SUPPLIED MATERIAL section start

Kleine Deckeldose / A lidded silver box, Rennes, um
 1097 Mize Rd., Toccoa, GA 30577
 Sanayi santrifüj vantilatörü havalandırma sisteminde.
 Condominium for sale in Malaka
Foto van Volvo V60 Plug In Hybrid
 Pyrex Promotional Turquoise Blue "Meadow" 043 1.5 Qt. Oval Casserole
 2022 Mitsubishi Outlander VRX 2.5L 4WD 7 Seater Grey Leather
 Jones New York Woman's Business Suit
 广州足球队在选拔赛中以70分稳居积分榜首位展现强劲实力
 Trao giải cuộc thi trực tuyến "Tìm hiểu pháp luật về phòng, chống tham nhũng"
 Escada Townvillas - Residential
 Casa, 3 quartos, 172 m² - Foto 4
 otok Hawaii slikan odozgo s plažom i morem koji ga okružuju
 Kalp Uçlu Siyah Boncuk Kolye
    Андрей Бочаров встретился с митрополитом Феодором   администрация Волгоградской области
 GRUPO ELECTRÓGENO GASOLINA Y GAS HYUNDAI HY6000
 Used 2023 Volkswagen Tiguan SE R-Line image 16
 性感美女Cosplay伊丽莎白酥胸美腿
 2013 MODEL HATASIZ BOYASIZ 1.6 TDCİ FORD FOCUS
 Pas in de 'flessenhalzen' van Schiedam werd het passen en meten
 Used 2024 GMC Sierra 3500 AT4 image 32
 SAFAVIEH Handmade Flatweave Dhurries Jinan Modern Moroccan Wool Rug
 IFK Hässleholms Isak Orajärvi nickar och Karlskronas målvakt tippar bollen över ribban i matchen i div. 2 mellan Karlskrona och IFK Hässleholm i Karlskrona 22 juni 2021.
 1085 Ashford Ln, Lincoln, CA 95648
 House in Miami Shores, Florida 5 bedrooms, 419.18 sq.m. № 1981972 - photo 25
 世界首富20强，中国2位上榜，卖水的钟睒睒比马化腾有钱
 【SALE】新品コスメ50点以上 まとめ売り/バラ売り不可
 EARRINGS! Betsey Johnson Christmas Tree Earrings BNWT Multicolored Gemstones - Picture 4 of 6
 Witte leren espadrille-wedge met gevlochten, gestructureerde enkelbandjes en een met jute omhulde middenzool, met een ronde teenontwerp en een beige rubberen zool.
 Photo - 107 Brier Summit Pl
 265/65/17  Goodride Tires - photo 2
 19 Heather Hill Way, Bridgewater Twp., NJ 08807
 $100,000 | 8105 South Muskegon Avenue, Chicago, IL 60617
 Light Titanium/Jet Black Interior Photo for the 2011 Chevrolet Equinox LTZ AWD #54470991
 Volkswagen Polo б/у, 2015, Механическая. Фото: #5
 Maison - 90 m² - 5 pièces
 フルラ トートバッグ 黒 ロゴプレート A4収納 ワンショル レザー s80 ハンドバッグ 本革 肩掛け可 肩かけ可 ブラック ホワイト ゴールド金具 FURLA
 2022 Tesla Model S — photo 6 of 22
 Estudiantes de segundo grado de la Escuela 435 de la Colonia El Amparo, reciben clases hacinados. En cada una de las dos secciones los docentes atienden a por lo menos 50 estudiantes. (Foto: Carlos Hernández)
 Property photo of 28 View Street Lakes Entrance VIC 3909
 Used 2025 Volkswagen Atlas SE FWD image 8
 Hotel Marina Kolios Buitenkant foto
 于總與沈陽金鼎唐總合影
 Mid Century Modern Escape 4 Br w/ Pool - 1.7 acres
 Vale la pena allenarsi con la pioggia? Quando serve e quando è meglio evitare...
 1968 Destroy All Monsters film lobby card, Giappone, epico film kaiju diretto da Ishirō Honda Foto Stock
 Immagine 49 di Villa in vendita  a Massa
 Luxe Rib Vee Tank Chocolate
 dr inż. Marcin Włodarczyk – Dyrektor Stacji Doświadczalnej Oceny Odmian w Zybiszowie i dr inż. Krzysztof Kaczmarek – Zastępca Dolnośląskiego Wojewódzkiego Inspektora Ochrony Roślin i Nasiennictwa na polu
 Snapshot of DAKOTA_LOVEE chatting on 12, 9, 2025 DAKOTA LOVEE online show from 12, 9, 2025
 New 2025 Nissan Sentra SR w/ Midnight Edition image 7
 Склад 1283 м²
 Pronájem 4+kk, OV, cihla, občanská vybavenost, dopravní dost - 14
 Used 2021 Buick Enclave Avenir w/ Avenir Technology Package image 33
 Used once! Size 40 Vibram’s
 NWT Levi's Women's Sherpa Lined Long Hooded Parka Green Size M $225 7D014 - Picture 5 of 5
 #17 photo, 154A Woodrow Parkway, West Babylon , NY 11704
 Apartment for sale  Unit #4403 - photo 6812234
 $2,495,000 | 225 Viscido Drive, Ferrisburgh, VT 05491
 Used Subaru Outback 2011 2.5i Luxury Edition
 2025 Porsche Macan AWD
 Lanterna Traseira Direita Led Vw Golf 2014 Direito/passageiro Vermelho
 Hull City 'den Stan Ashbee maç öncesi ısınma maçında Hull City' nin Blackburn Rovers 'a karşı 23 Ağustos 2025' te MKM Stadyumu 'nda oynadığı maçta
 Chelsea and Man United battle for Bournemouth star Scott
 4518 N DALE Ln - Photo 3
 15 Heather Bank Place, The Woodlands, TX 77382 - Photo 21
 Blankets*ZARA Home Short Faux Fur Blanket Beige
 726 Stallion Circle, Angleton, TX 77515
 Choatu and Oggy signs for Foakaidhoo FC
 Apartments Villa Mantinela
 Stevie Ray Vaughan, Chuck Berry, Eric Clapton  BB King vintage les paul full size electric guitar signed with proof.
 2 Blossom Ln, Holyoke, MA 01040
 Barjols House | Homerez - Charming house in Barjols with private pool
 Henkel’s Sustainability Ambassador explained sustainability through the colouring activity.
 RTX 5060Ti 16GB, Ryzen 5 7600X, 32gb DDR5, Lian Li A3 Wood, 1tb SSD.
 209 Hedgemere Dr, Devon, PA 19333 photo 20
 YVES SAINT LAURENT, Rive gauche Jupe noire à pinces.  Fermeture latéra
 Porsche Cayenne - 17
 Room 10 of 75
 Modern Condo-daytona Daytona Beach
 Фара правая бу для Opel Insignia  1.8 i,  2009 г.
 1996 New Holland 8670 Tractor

SUPPLIED MATERIAL section end

PROBLEM TO SOLVE -> Restate word for word only the lines above from the line containing "Casa, 3 quartos, 172 m² - Foto 4" to the line containing "2022 Tesla Model S — photo 6 of 22", both of them included.

RESPONSE TO THIS EXERCISE ->
 Casa, 3 quartos, 172 m² - Foto 4
 otok Hawaii slikan odozgo s plažom i morem koji ga okružuju
 Kalp Uçlu Siyah Boncuk Kolye
    Андрей Бочаров встретился с митрополитом Феодором   администрация Волгоградской области
 GRUPO ELECTRÓGENO GASOLINA Y GAS HYUNDAI HY6000
 Used 2023 Volkswagen Tiguan SE R-Line image 16
 性感美女Cosplay伊丽莎白酥胸美腿
 2013 MODEL HATASIZ BOYASIZ 1.6 TDCİ FORD FOCUS
 Pas in de 'flessenhalzen' van Schiedam werd het passen en meten
 Used 2024 GMC Sierra 3500 AT4 image 32
 SAFAVIEH Handmade Flatweave Dhurries Jinan Modern Moroccan Wool Rug
 IFK Hässleholms Isak Orajärvi nickar och Karlskronas målvakt tippar bollen över ribban i matchen i div. 2 mellan Karlskrona och IFK Hässleholm i Karlskrona 22 juni 2021.
 1085 Ashford Ln, Lincoln, CA 95648
 House in Miami Shores, Florida 5 bedrooms, 419.18 sq.m. № 1981972 - photo 25
 世界首富20强，中国2位上榜，卖水的钟睒睒比马化腾有钱
 【SALE】新品コスメ50点以上 まとめ売り/バラ売り不可
 EARRINGS! Betsey Johnson Christmas Tree Earrings BNWT Multicolored Gemstones - Picture 4 of 6
 Witte leren espadrille-wedge met gevlochten, gestructureerde enkelbandjes en een met jute omhulde middenzool, met een ronde teenontwerp en een beige rubberen zool.
 Photo - 107 Brier Summit Pl
 265/65/17  Goodride Tires - photo 2
 19 Heather Hill Way, Bridgewater Twp., NJ 08807
 $100,000 | 8105 South Muskegon Avenue, Chicago, IL 60617
 Light Titanium/Jet Black Interior Photo for the 2011 Chevrolet Equinox LTZ AWD #54470991
 Volkswagen Polo б/у, 2015, Механическая. Фото: #5
 Maison - 90 m² - 5 pièces
 フルラ トートバッグ 黒 ロゴプレート A4収納 ワンショル レザー s80 ハンドバッグ 本革 肩掛け可 肩かけ可 ブラック ホワイト ゴールド金具 FURLA
 2022 Tesla Model S — photo 6 of 22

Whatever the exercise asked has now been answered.